The mountain pine beetle has wreaked havoc in the Black Hills for years. One special festival in Custer each year raises awareness of the epidemic. Black Hills FOX Reporter Jon Wilson takes you there for a look at this year's beetle that will go up in smoke.
The Burning Beetle and Bug Crawl Variety Show is now less than ten days away, and this year's beetle is coming together one staple at a time.
Burning Beetle Project Coordinator Hank Fridell says, "We have a committee of about thirty people, and of that, as with most committees, you end up with a dozen people that really make it come together.
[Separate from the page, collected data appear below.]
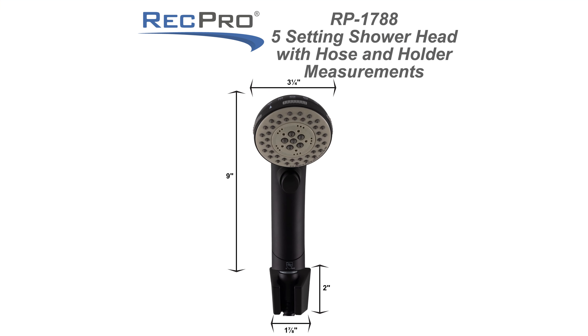The product code is RP-1788. I'll go ahead and put the dimensions of this shower head up on the screen for you. This shower head brings in that crisp modern look right into your RV bathroom with its matte black finish.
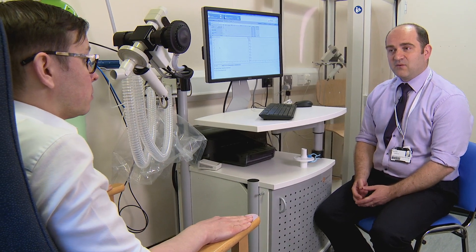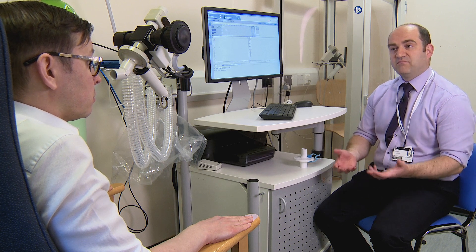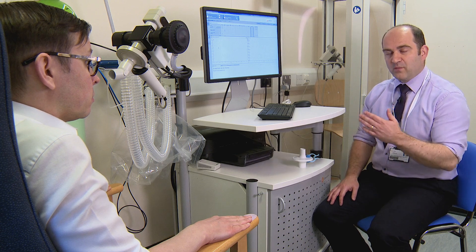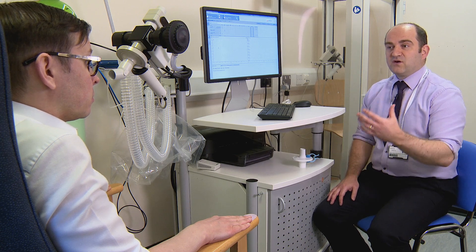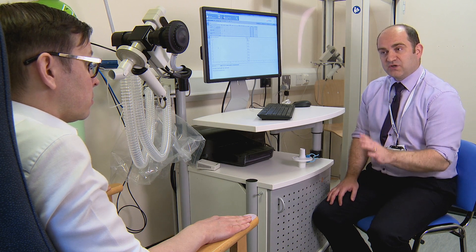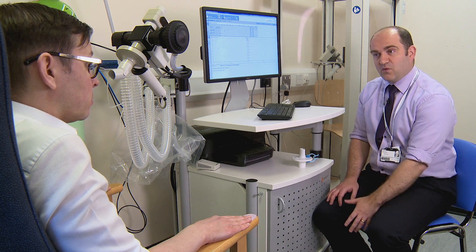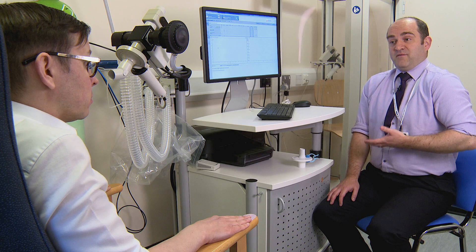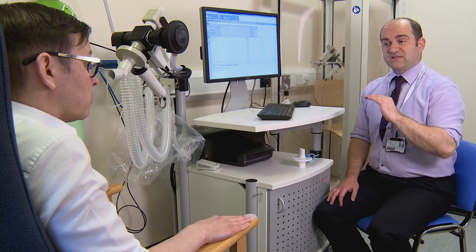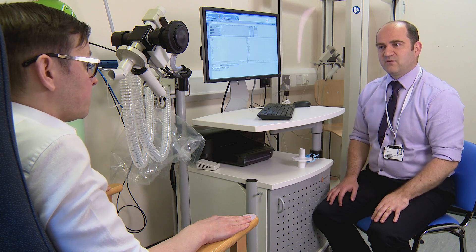This test is going to look at how easy it is for gases to get from your lungs, across into your bloodstream and back again. What I'm going to ask you to do is start breathing normally on the mouthpiece. Then I'll ask you to take a nice breath in, empty out as far as you can, really push, keep going for as long as you can. When you can't push anymore, I'm going to ask you to take a big, deep breath right up to the top. Fill your lungs. When you've got to the top, hold your breath there for about 10 seconds and then breathe back out through the machine. And then that will be the test over. Does that all sound okay?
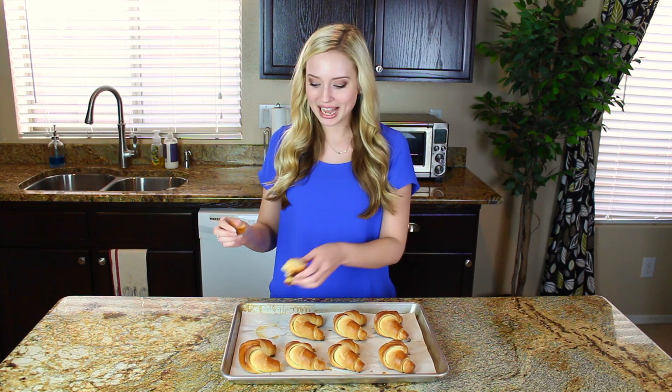They just pull apart — crisp on the outside but soft and tender on the inside. They're perfect for any special dinner or any night of the week that you're craving crescent rolls. I really hope you guys like this video. If you did, give it a thumbs up, don't forget to subscribe to my channel, and I'll see you next time with another food video.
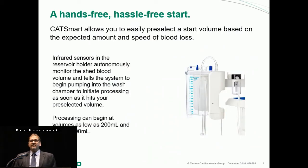They have also added an auto-start function. The auto-start is an infrared design, and you can set it to automatically start processing at a level of between 200 milliliters and 3,000 milliliters.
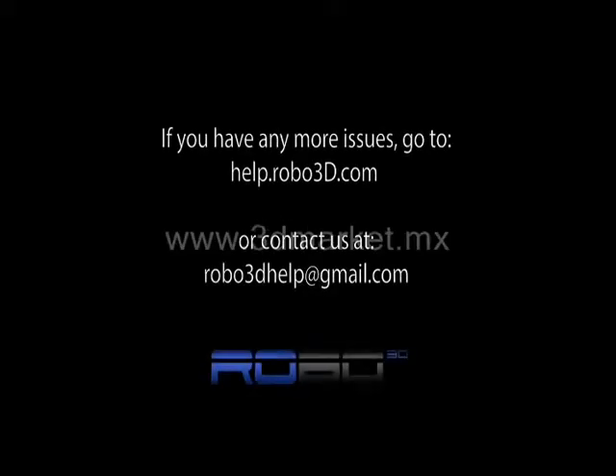If you have any other issues, contact robo3dhelp@gmail.com. Thank you and enjoy your Robo 3D!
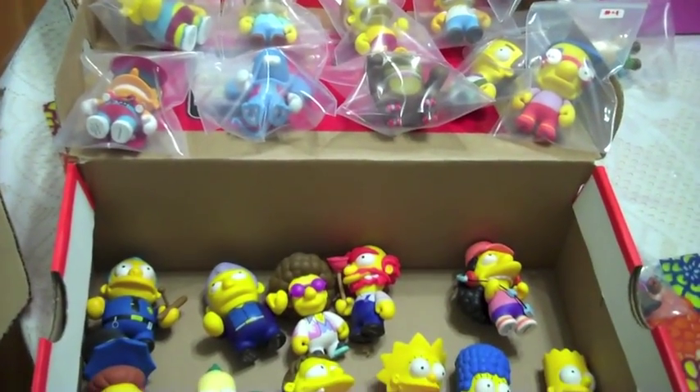Comic Book Guy. Grandpa. That's a Hippie Homer. And we've got Homer Apuso. A lot of cool stuff, a lot of cool toys. Love Kid Robot.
We meet about once a month throughout the year and try to put it together, and here lately, we've been doing it a little bit more often."
The mountain pine beetle has killed thousands of trees throughout the forest since it's peak roughly five years ago, but significant progress has been and is continuing to be made.
Coordinator of the Mountain Pine Beetle Working Group Dave Thom says, "We're excited and enthused by the downward trend that's been happening in the last year, particularly. Across the Black Hills, we're in really good shape. However, there still remains hot spots of new infestations and new outbreaks, particularly in the Custer area that have to be treated."
Thom says, "We talk about the epidemic in the Black Hills, but it's really a combination of smaller epidemics that have occurred in isolated areas."
This year's festival is a celebration of what has been done, and look forward to continue the fight against the trees that give this region its name, the Black Hills. All the wood used in the construction of the beetle is not your everyday wood you could pick up at a hardwood store.
Fridell says, "Not only does the wood come from the Black Hills, but much of it is blue stained wood, which is wood from trees that have been killed by the beetles. It's going up in smoke."
The festival is on Saturday, January 21st, and the beetle burning will be at Pageant Hill that evening.